Gem Education

Specifications

Origin:
Sri Lanka, Burma, Vietnam and Zimbabwe
Color:
Green, Yellow, Orange, Pink, Purple, Violet, Brown, Black, Color Change and Colorless
Species:
Corundum
Refractive Index:
1.762 to 1.770
Birefringence:
0.008 to 0.010
Specific Gravity:
4.00
Hardness:
9 on Mohs Scale

Sapphire - Fancy

Sapphire is often thought of as being synonymous with the color blue: you can easily picture sapphire seas. However, sapphire is beautiful beyond blue, in every color but red, red being the domain of the ruby.

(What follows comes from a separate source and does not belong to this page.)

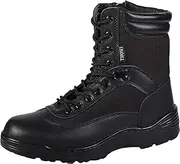 [Thowi] Men's Tactical Boots, Military Boots Army Boots Combat Boots With Side Zipper Black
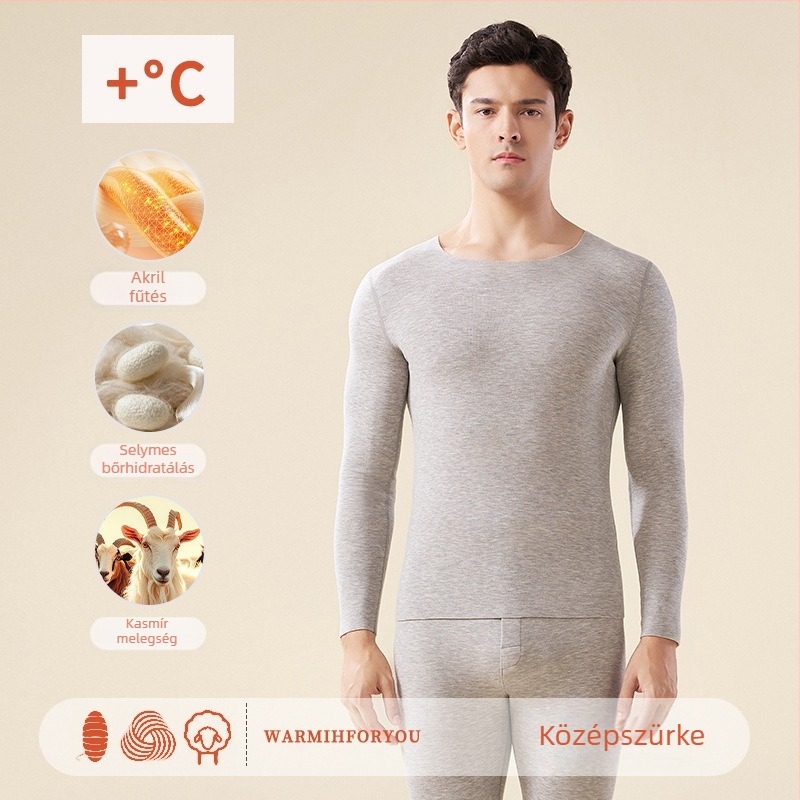 Uniszex termikus alsóruha, selyem-kasmír keverék, önmelegítő fleece béléssel, őszi–téli készlet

The other colors of sapphire can be just as beautiful and rare - or even rarer - than the blue, but they are usually offered at more modest prices. Yellow, orange, lavender, and other pastel shades are especially affordable.

Long ago, it was decided that all gemstones of the mineral corundum should be referred to as sapphire, except the red color, which was called ruby. Other very popular shades of fancy sapphires are yellows, bright oranges, lavenders and purples, and a bluish green color.

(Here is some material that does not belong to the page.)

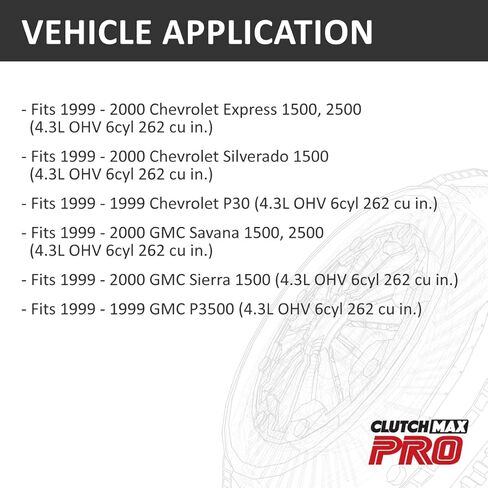 طقم القابض OEM عالي التحمل من ClutchMaxPRO مع أسطوانة تابعة متوافقة مع 1999-2000 Chevy Express 1500 2500 Silverado 1500 P30 GMC Savana 1500 2500 Sierra 1500 P3500 (CP04090HDWS-CK) in Saudi Arabia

The most valuable fancy sapphire is an orange-pink or pinkish-orange variety called 'padparadscha' after the lotus blossom. Padparadscha sapphires are very rare, and the exact definition has always been a matter of debate: different dealers and laboratories around the world disagree on the exact color denoted by this term. Some dealers even argue that the term should not be limited to the pastel shades of Sri Lankan sapphires, but also include the more fiery shades of reddish-orange from the Umba Valley in Tanzania. Padparadscha sapphires sell at a premium, their prices nearing those obtained for fine blue sapphires. Although the exact description of these rare gemstones is debatable, their beauty, with its delicate blended shades the color of fresh salmon and sunsets, is not.

Generally, the clearer and more vivid the color, the more valuable the fancy sapphire. If the color is in the pastel range, the clarity should be good. Because in lighter tones inclusions are more noticeable, the trade usually prefers the gemstones to be cleaner with fewer visible inclusions. In a lighter colored gemstone, the cut is also more important: it should reflect light back evenly across the face of the stone, making it lively and brilliant. With darker, more intense colors, the cut is not as critical because the color creates its own impact.

No matter what the color, sapphires combine durability and beauty for generations of pleasure.